Hexalon was, at all relevant times, the owner of the State Street Bank Building, located at 225 Franklin Street in Boston. LaSalle was, during the same period, Hexalon’s managing agent for the building. On March 16, 1989, LaSalle entered into a general contract with Morse Diesel for a renovation project at the State Street Bank building. The renovation in part called for the modernization of the elevators in the building.

Defendant submitted a contract proposal to perform the elevator work. On the subject of indemnification, the proposal stated, in part, that;

Armor will not, under any circumstances, be liable for any losses, expenses . . . demands and claims made by any party because of bodily injury ... or property damage, whether arising out of breach of contract, warranty, tort (including negligence), or otherwise, except those directly caused by the acts or omissions of Armor, its agents, servants or employees.

Morse accepted defendant’s bid, and the latter began work on the project without awaiting the final negotiation and execution of the subcontract with Morse.
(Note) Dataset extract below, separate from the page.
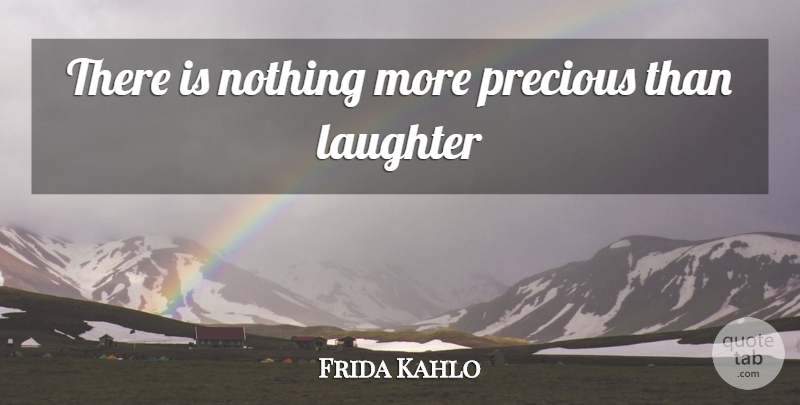 Frida Kahlo Quote About Mother Daughter, Laughter, Mother And Daughter: There Is Nothing More Precious...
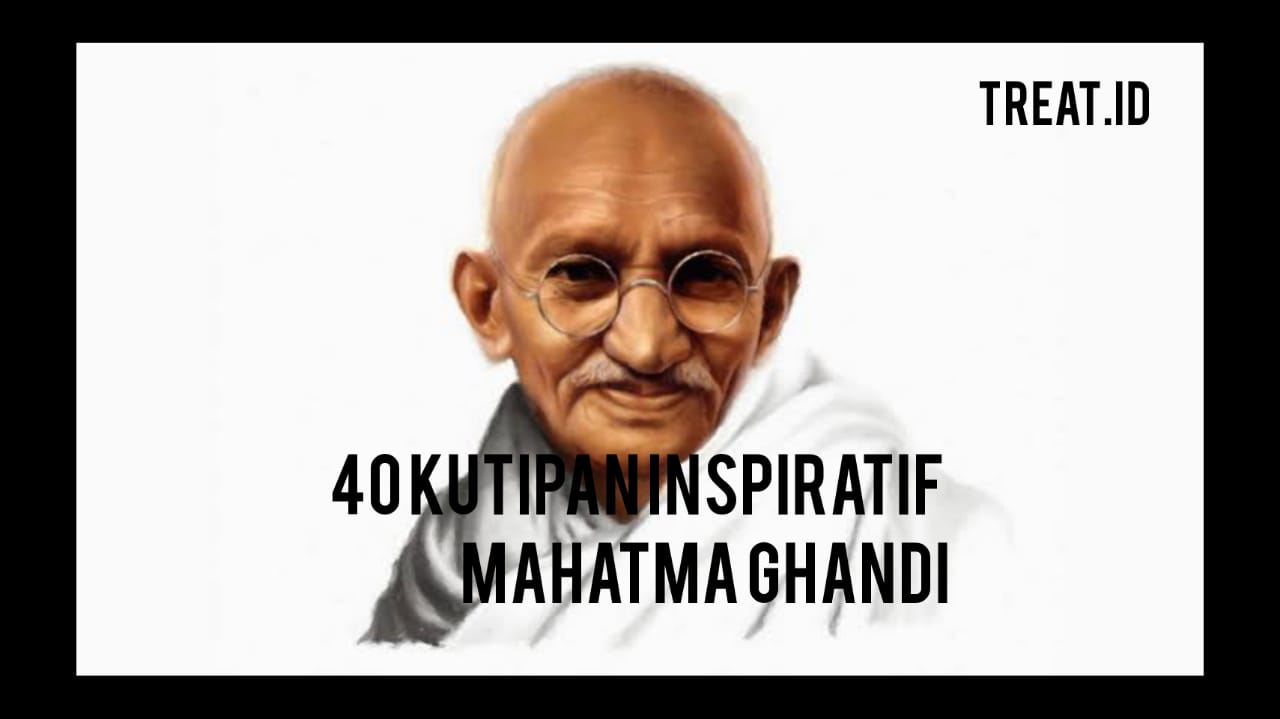 40 Kutipan Inspiratif Seorang Mahatma Ghandi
In May, 1989, Morse submitted a draft subcontract to defendant. It included a standard-form provision entitled “ARTICLE 9: Indemnification and Insurance” (hereafter referred to as the “typewritten provision”) which provided, in part, that

A. To the extent permitted by law, each subcontractor shall indemnify, defend, save and hold the Owner [Hexalon and LaSalle], the Contractor [Morse Diesel] . . . harmless from and against all liability, damage, loss, claims, demands and actions of any nature whatsoever which arise out of or are connected with, or are claimed to arise out of or be connected with:
(1) The performance of the Work by the Subcontractor, or any act or omission of Subcontractor;
*312(2) Any accident or occurrence which happens, or is alleged to have happened, in or about the place where such Work is being performed or in the vicinity thereof (a) while the Subcontractor is performing the Work, either directly or indirectly through a sub-contractor or material agreement, or (b) while any of the Subcontractor’s property, equipment or personnel are in or about such place or the vicinity thereof by reason of or as a result of the performance of the Work; or
(3) The use, misuse, erection, maintenance, operation or failure of any machinery or equipment . . . whether or not such machinery or equipment was furnished, rented or loaned by the Owner or the Contractor or their officers, employees, agents, servants or others, to the Subcontractor.
. .. The provisions of the indemnity provided herein shall not be construed to indemnify any Indemnitee for its sole negligence if not permitted by law . . .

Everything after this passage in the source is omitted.